Berkeley History Chats
The Berkeley Architectural Heritage Association and the Berkeley Historical Society present a new series of informal lectures, featuring local experts, each talking about a topic of local historic and/or cultural interest.
Berkeley History Center
Veterans Memorial Building
1931 Center Street, Berkeley
Fortnightly on Thursdays
13 March–24 April 2014
7:00–8:30 pm
Admission: $10 per talk by reservation. Space is limited! Order in advance to assure your seat.
You may also order online via PayPal (see instructions).Photo: Daniella Thompson |
Thursday, 13 March 2014 7:00 pm |
Daniella Thompson: The Berkeley Unitarians and Architectural Innovation
In the late 19th century, several religious denominations founded vigorous congregations in the neighborhoods around the UC Berkeley campus. Early Berkeley Unitarians, whose membership included the Maybecks, the Keelers, and fellow founders of the Hillside Club, held a progressive view of architecture. Their first church building at Bancroft Way and Dana Street, designed by A.C. Schweinfurth and completed in 1898, incorporates startling architectural features and has been characterized as a powerhouse (it is now the Dance Facility on the UC Berkeley campus).
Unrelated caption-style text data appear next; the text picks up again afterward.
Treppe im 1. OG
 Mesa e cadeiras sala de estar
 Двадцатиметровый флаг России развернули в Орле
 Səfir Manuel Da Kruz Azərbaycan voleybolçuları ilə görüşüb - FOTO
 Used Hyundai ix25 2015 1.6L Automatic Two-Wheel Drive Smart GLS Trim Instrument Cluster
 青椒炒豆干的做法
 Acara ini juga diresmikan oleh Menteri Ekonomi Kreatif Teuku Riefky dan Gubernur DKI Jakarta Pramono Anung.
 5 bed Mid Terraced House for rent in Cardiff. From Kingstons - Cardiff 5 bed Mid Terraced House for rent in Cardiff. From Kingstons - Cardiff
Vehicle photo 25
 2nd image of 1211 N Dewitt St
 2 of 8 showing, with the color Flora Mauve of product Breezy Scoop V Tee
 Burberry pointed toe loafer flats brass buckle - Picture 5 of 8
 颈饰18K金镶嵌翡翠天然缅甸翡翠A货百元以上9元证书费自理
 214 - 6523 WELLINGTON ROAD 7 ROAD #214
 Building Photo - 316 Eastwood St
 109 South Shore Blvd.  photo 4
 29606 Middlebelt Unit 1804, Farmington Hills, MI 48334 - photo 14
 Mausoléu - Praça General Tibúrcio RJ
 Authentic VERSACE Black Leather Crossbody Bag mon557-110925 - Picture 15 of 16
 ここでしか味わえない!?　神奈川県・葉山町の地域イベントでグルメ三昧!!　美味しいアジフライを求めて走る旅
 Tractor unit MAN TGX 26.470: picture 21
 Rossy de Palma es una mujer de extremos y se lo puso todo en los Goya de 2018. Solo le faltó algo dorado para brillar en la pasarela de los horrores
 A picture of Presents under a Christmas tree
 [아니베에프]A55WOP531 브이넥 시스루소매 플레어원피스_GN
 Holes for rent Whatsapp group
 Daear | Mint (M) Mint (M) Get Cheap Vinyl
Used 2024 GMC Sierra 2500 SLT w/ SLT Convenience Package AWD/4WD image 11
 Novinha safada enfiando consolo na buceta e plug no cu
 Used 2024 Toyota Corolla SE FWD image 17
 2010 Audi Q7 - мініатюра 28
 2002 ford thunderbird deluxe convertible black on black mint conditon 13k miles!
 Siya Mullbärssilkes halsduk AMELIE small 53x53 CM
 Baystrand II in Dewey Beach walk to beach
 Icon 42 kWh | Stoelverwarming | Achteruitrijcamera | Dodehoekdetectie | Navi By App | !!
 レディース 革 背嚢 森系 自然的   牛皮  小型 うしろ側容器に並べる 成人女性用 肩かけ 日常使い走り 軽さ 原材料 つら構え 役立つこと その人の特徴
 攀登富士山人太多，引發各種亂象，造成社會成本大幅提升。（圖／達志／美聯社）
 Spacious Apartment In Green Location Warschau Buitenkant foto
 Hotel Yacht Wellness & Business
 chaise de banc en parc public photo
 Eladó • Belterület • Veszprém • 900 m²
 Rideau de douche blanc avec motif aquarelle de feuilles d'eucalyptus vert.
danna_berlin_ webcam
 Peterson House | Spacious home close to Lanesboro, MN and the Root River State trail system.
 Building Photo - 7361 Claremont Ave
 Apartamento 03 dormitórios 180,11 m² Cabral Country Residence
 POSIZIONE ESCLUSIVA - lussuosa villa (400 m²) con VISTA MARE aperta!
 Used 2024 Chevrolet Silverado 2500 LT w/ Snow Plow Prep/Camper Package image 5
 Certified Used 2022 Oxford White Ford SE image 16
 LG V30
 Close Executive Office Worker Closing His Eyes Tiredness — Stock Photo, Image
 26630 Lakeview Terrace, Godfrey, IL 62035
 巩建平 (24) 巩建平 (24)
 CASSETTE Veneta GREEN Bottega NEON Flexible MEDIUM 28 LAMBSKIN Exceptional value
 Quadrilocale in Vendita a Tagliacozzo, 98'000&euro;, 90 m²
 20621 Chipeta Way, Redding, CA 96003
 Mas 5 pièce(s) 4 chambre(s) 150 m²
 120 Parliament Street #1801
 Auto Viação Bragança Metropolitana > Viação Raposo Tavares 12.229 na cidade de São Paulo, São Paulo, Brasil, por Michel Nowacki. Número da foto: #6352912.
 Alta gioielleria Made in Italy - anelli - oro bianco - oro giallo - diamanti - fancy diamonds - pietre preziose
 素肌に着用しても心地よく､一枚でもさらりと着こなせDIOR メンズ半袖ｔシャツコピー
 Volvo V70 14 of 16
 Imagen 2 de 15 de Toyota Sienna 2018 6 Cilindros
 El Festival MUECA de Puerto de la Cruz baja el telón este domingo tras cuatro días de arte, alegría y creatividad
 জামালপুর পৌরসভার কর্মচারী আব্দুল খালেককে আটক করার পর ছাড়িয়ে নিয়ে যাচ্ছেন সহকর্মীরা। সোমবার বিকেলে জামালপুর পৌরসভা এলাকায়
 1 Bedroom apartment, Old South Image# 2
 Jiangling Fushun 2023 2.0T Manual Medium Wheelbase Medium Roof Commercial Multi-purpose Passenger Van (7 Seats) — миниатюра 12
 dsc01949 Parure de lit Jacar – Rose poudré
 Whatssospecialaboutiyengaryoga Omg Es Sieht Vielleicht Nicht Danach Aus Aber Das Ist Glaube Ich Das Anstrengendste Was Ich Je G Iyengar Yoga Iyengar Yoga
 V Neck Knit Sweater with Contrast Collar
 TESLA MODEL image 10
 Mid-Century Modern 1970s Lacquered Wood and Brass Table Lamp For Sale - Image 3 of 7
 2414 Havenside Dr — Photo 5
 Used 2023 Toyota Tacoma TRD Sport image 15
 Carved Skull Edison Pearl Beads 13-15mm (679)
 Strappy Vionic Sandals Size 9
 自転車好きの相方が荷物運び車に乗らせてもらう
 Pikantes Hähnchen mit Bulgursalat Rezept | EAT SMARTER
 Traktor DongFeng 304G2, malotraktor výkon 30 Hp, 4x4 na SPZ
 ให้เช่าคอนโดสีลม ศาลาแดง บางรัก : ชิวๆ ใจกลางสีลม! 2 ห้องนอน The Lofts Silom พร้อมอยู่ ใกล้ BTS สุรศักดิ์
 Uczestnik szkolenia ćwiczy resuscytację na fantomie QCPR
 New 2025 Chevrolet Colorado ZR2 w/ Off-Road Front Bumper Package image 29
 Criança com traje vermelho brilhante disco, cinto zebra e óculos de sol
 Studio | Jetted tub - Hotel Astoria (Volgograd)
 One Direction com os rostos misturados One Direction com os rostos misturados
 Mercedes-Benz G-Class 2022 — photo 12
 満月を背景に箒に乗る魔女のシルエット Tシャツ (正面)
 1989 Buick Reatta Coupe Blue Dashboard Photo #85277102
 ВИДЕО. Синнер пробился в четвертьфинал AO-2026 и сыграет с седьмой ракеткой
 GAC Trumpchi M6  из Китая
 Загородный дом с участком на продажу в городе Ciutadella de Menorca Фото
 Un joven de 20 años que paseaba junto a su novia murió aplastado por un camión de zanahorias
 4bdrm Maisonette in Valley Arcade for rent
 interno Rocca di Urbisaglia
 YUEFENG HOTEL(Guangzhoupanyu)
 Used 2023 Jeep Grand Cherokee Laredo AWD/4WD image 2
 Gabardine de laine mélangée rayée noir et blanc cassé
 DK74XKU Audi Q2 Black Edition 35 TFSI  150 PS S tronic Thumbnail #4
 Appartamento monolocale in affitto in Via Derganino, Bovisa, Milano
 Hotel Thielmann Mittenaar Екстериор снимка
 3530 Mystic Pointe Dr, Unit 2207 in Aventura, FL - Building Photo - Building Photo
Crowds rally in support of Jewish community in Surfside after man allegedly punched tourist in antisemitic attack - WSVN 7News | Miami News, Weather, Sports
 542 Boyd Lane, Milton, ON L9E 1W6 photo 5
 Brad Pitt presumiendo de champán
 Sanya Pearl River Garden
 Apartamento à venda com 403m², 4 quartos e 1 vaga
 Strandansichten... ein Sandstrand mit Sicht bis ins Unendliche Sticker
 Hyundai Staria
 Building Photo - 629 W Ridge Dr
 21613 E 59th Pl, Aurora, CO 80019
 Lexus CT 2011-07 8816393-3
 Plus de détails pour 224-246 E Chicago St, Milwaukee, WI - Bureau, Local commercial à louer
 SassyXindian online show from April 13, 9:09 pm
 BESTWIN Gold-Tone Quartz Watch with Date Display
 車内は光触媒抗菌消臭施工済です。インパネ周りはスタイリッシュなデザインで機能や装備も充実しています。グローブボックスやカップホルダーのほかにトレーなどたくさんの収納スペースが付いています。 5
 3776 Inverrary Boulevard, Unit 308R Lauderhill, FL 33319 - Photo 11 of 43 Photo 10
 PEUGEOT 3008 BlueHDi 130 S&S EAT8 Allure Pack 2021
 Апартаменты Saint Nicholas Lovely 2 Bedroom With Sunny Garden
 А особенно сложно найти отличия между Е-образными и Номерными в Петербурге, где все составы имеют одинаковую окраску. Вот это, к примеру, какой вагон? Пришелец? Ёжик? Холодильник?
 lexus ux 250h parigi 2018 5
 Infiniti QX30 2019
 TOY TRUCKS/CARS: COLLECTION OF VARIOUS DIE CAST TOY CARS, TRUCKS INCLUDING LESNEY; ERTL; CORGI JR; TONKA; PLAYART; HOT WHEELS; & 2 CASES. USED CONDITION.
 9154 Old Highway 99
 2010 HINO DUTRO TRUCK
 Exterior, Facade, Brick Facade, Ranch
Daniella Thompson will trace the history of the Unitarian community in Berkeley, introduce its cast of leading characters and the significant houses they built, and discuss the links between culture and nature embodied in its church buildings.
Photo: Tom Dalzell |
Thursday, 27 March 2014 7:00 pm Sold Out! |
Tom Dalzell: Quirky Berkeley
Many Berkeley front yards and gardens contain unusual, eccentric, and curiously alluring displays of art, landscape, and artifacts. Walk down a Berkeley residential street, and you never know what you’ll see from the sidewalk: A giant chicken? A miniature landscape of plastic toys? A panda in a speedboat? An elaborate spiritual shrine? “Art cars” at home? All those, and more, are being catalogued by urban explorer Tom Dalzell, who walks through Berkeley, documenting our “oddball, whimsical, eccentric, and the near-rhyme quirky material culture.”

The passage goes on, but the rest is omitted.